------ Excerpted data ------

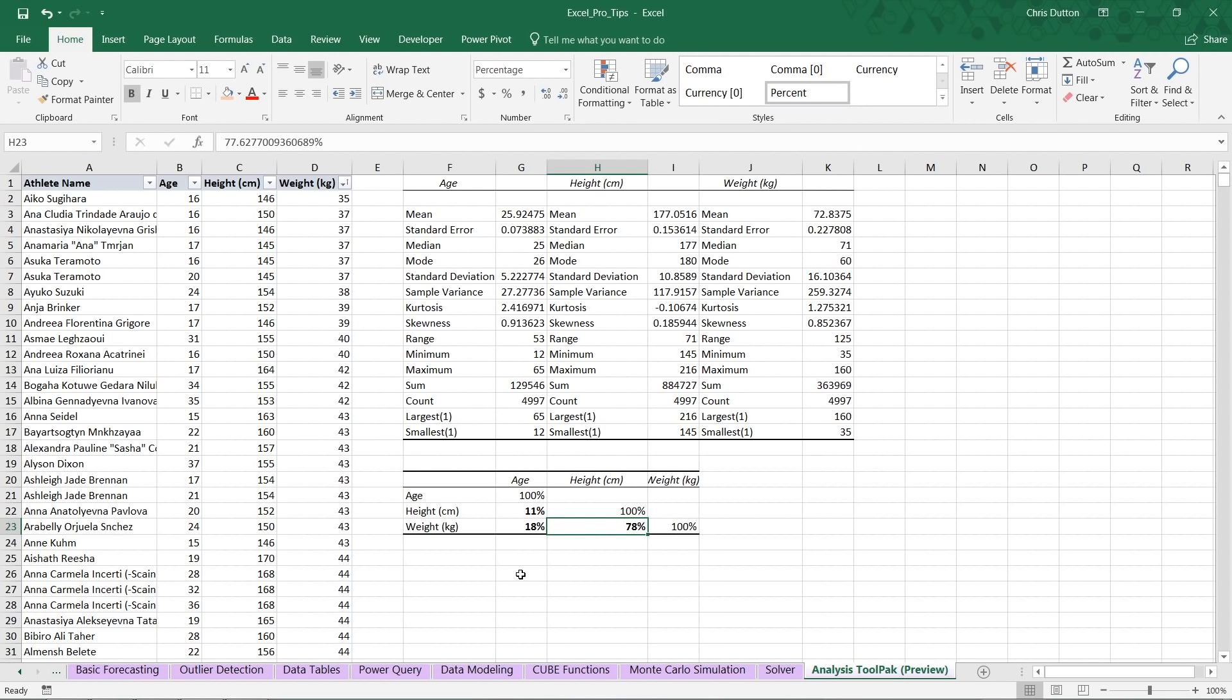And again, I won't be diving into the other kind of more complex tools within that Analysis ToolPak, but I'd encourage you to explore those options and try playing with those tools for yourself. So there you have it. Quick primer, quick preview of the Analysis ToolPak.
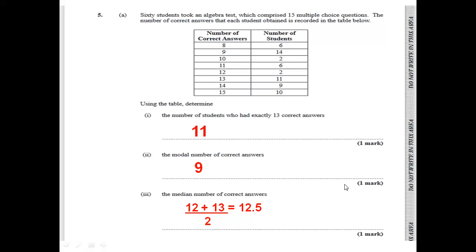Question 5 says 60 students took an algebra test which comprised 15 multiple choice questions. The number of correct answers that each student obtained is recorded in the table below, showing the number of correct answers and the number of students. The first part asks us to determine the number of students who had exactly 13 correct answers. Based on the given information, 13 correct answers corresponds to 11 students. That's 1 mark.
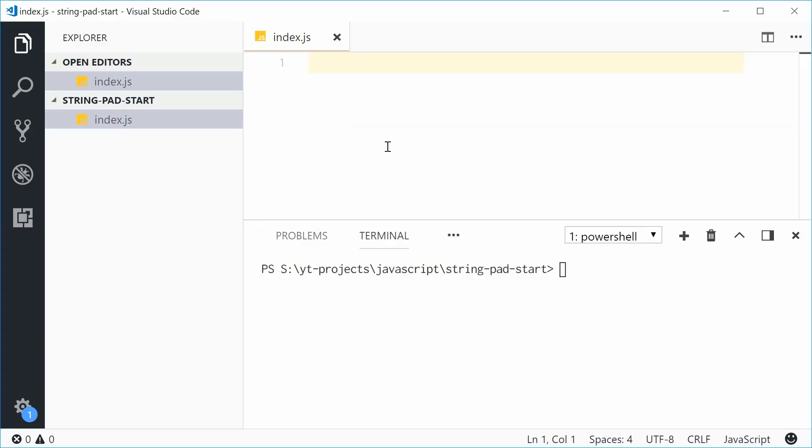Hey guys, how are you going? My name is Dom and today I want to talk about the string.padStart method and also the string.padEnd method in JavaScript.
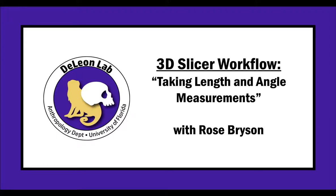Hi, this is Rose, and today's tutorial is going to cover how to take a length or angle measurement in Slicer.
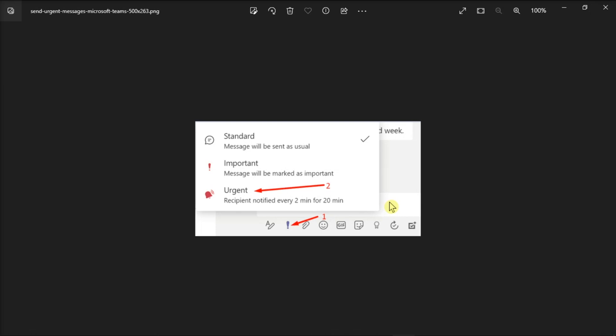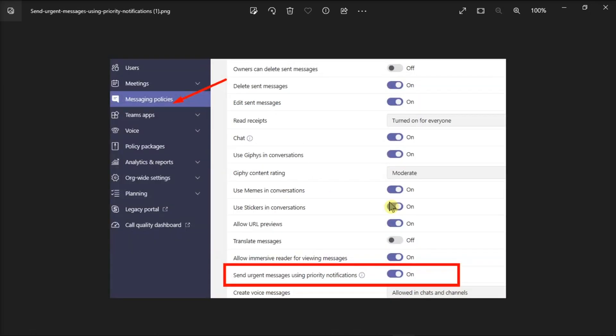As a potential workaround, you can contact your IT admin and ask them to disable this option under the messaging policies.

------

## Problem description:
Nothing but the lines from the line containing "Hi, this is" through the last line of the records above should be written out, exactly and without the pictures.

## Result:
Hi, this is Rose, and today's tutorial is going to cover how to take a length or angle measurement in Slicer.
As a potential workaround, you can contact your IT admin and ask them to disable this option under the messaging policies.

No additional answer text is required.